I don't want to entirely dimiss this alliance, which is quite interesting in some of its details, but let's put it this way: the fundamental line of the mainstream trade unions on the jobs-and-growth vs. climate-protection question hasn't shifted one iota, and the antagonism between workers and the climate agenda continues to escalate, not just in Germany but everywhere in the rich, "overdeveloped world." The strategy "climate movement goes new class politics" was in that sense exactly what folk wisdom attributes to old generals: the last war. The one that's already over, in this case lost.
Speaking of "Historical Materialism"
Such a sideways- and backwards-looking (and therefore doomed-to-fail) strategic gaze might be adequate for the "bourgeois centre," because the "centre" is precisely that which doesn't need to organize to defend its own interests, since these are always already preserved in the state apparatus and in all sorts of social forms and institutions. But for us leftists and greens, this is a real danger and an intellectual embarrassment, especially for that part of the left that constantly refers to the Marxian tradition: because part of the inheritance that the Old Man from Trier left us is the conviction that meaningful transformation-strategies in capitalism can only emerge from an understanding of capitalism's real developmental tendencies, from a materialist (physics- and fact-based) analysis of historical tendencies (which are called "historical" but actually refer to the future: how has history flowed so far, and how will it therefore flow in the future?).
The question then becomes: "what can I learn from the present about the future?" instead of "how can I perceive the present in such a way that my existing strategic convictions are confirmed?"—the latter being the question that many leftist and climate strategists unfortunately continue to ask themselves.
Put differently: the rich-world left is largely "voluntaristic" at the strategic level. Strategies are not justified (as any historical materialism would posit they have to be) by reference to observable tendencies of really-existing capitalism, but rather through late-situationist slogans like "social movements can move the limits of the possible"; or with the eternally false dogma that the struggle against capitalism is somehow always-already the absolute, the objective interest of the working class(es), no matter what they do or say in actuality. To counteract this annoying, mystifying voluntarism, I want to go back to the beginning, back to what Marxism was at its best: a philosophy of praxis, against the "utopian late-socialism" of today's left.
From Failure to Strategy
I don't want to drag you too deep into the Marxian inheritance, but allow me to nerd out a bit (I promise I'm going somewhere with this): Marx's work can be roughly divided into two phases, his early and his mature work. The distinctly idealist early work sees communism (our variant of the eternal kingdom of heaven) emerging, as it were, from history itself. The emerging proletariat, the workers, are already the bearers of revolution, but Marx doesn't derive this revolutionary tendency from their actual social conditions and everyday practices, but rather quite idealistically and abstractly from their general dispossession, disenfranchisement, and exploitation.

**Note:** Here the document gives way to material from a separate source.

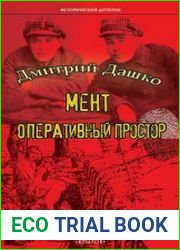 Мент. Оперативный простор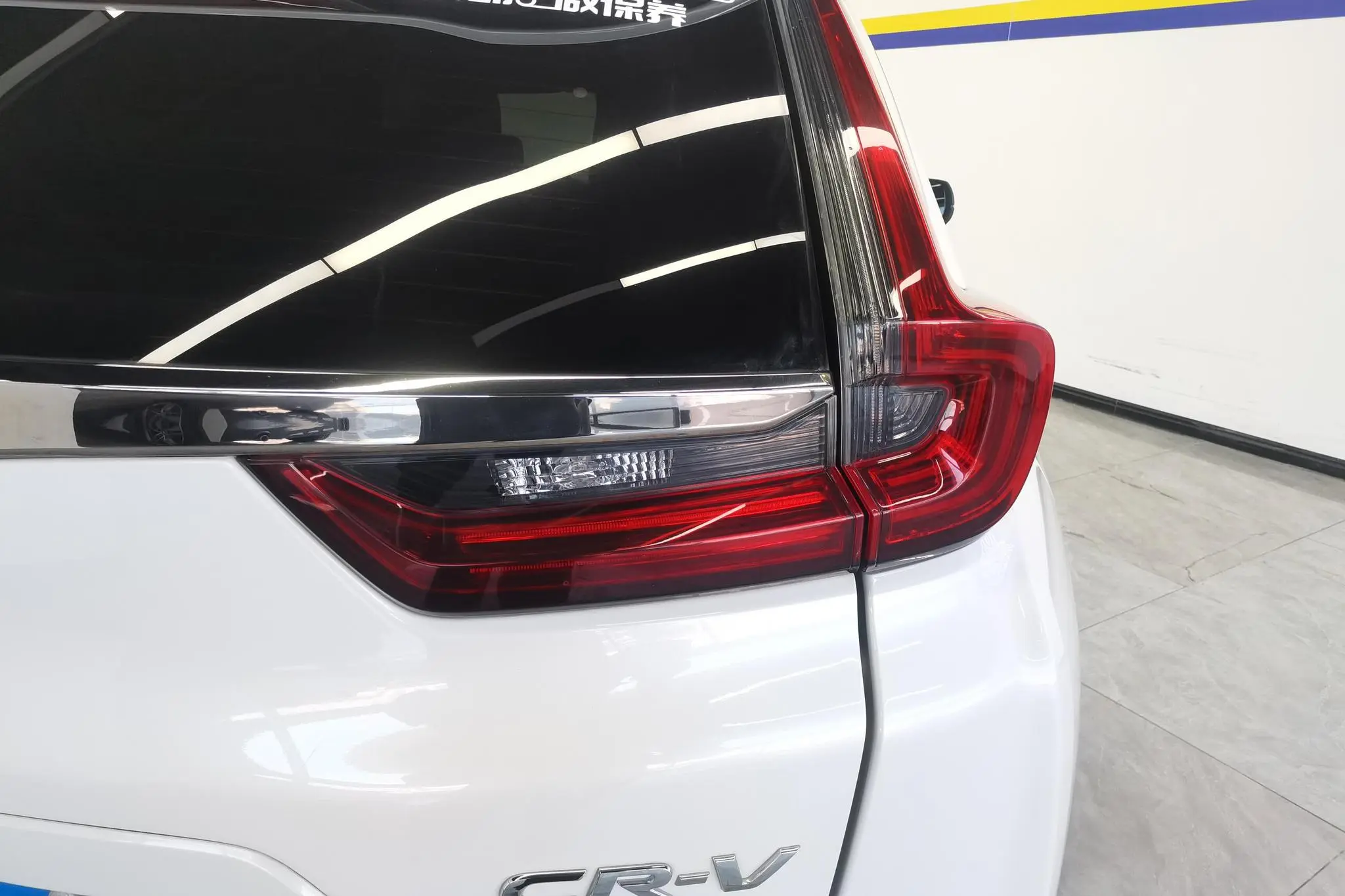 Honda Honda CR-V 240TURBO CVT two-wheel drive fashion edition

Armed with this still essentially utopian socialism, Marx throws himself into political work, becomes part of the 1848 democratic revolutionary movement(s) in Europe, which are almost completely defeated by '49 at the latest— in other words, they fail. Marx also "fails" personally: he is expelled from Paris in August 1849 and moves as a refugee to London, where he lives with his family in such poverty that when one of their children dies, they cannot even afford a coffin.
It's political failure that finally brings Marx to shed his youthful utopianism and start analyzing the reality of the coming industrial-capitalist world realistically, without Hegelian (that is: religious, magical-realist, fetishistic) mystification. He does this by taking a very close look at what from his perspective is the central praxis of this new world: the moment of collective production in the new capitalist factory.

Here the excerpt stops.